Saturday, September 5, 2015

Court dismisses complaint for wrongful birth against sperm bank in case in which mother claimed damages because her child was not white

Just about a year ago, I wrote about a complaint for the "wrongful birth" of a mixed race child filed in Chicago by a white mother against a sperm bank because the defendant mistakenly provided her with sperm from an African-American donor.  I wrote my comments on the case here, here and here and more recently published an article on the subject (available here). I won't repeat all my arguments now - please read the previous comments if you are interested.  Suffice it to say I argued strongly that the case should be dismissed.

Given my position, I am pleased to report today that the trial judge has, in fact, dismissed the complaint.  There is no question in my mind that this was the correct decision.  However, I have not had a chance to see the actual order, and every report I have seen repeats something very odd that caught my eye, something along the lines of  "the judge rejected both claims but said that the plaintiff (the mother) could refile the suit as a “negligence claim...”

This makes absolutely no sense to me.  The complaint included two claims, one for breach of warranty under the Illinois Blood and Organ Transaction Liability Act and one for wrongful birth.  The purpose of the Act is to prevent plaintiffs from filing strict liability actions against certain defendants.  Thus, the actions that can be filed under the act, if any, would be based on negligence.

The notion of a "warranty" in such a claim comes from the text of the statue in that it states that those involved in the rendition of any of the services described in the statute "warrants . . . that he has exercised due care and followed professional standards of care," or, in other words, that the defendant was not negligent.  This statement means nothing other than what the common law already requires. The plaintiff still has the burden of proof to argue and prove the standard of care and that the defendant breached it. Thus, the statute changes nothing and provides no additional, or different, avenue of relief to a plaintiff than a normal negligence claim.

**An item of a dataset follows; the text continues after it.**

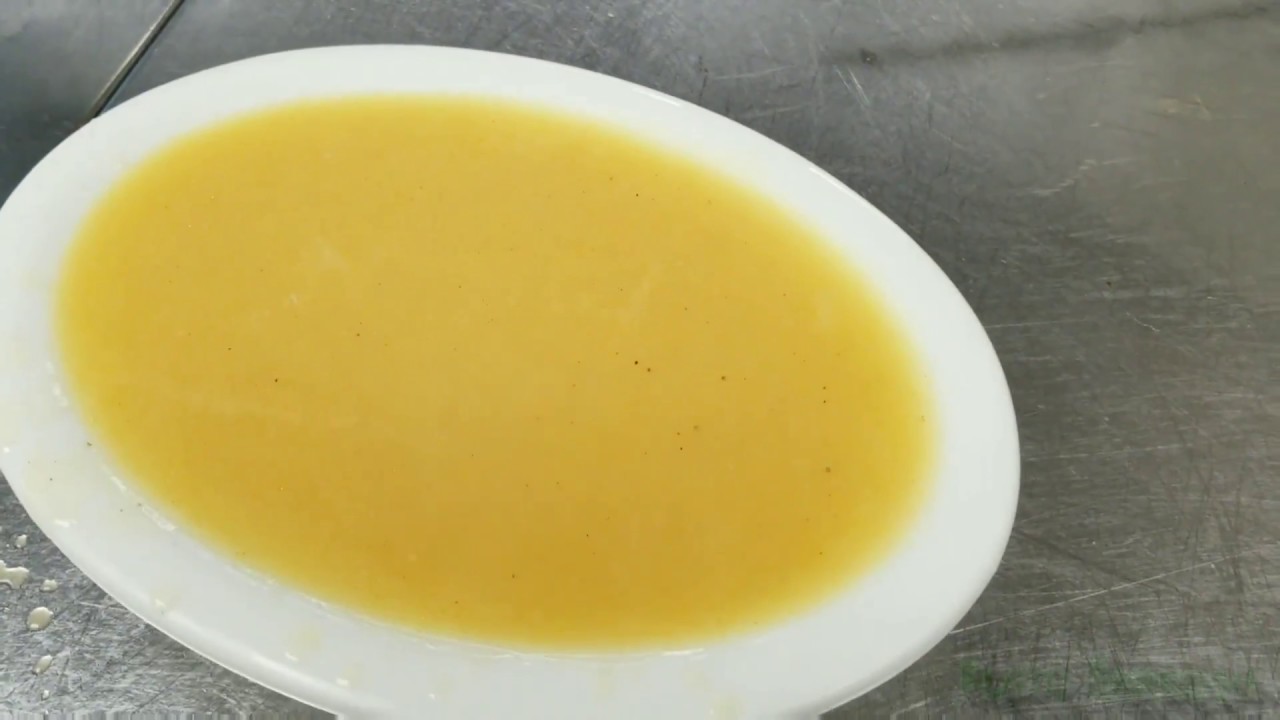 Salsa de Limón | Salsa de limon para pastas, mariscos y pollo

The claim "for breach of warranty" under the statute would only be valid, and survive a motion to dismiss, to the extent the plaintiff can support a claim for negligence.

For this reason, re-filing the claim as a negligence claim would be essentially the same thing as filing the original complaint, which the judge already dismissed!  And if it is re-filed, what damages would be claimed?  It would have to be the out of pocket economic damages (which have been reimbursed already, and therefore for which there is no claim) and the emotional distress due to the birth of the child, which is another way of arguing the same thing as the wrongful birth claim.

The wrongful birth claim, in turn, is, by definition, a negligence claim.  The label "wrongful birth" refers to the type of injury used as a basis for the claim, not as a reference to the theory of liability upon which the claim is based.  The theory of liability is negligence.  Clearly it is not intent nor strict liability, so what else could it be?

Thus, again, re-filing as a negligence claim would mean refiling the same case!

Why would the judge allow the plaintiff to re-file a claim that the judge has decided has no merit, when re-filing it would only mean the plaintiff will re-argue the same claim again?   It makes no sense. 

Like I said, I have not seen the actual court order, and maybe the newspapers are wrong in their reporting, but I have seen the same report in the Washington Post and the Chicago Tribune.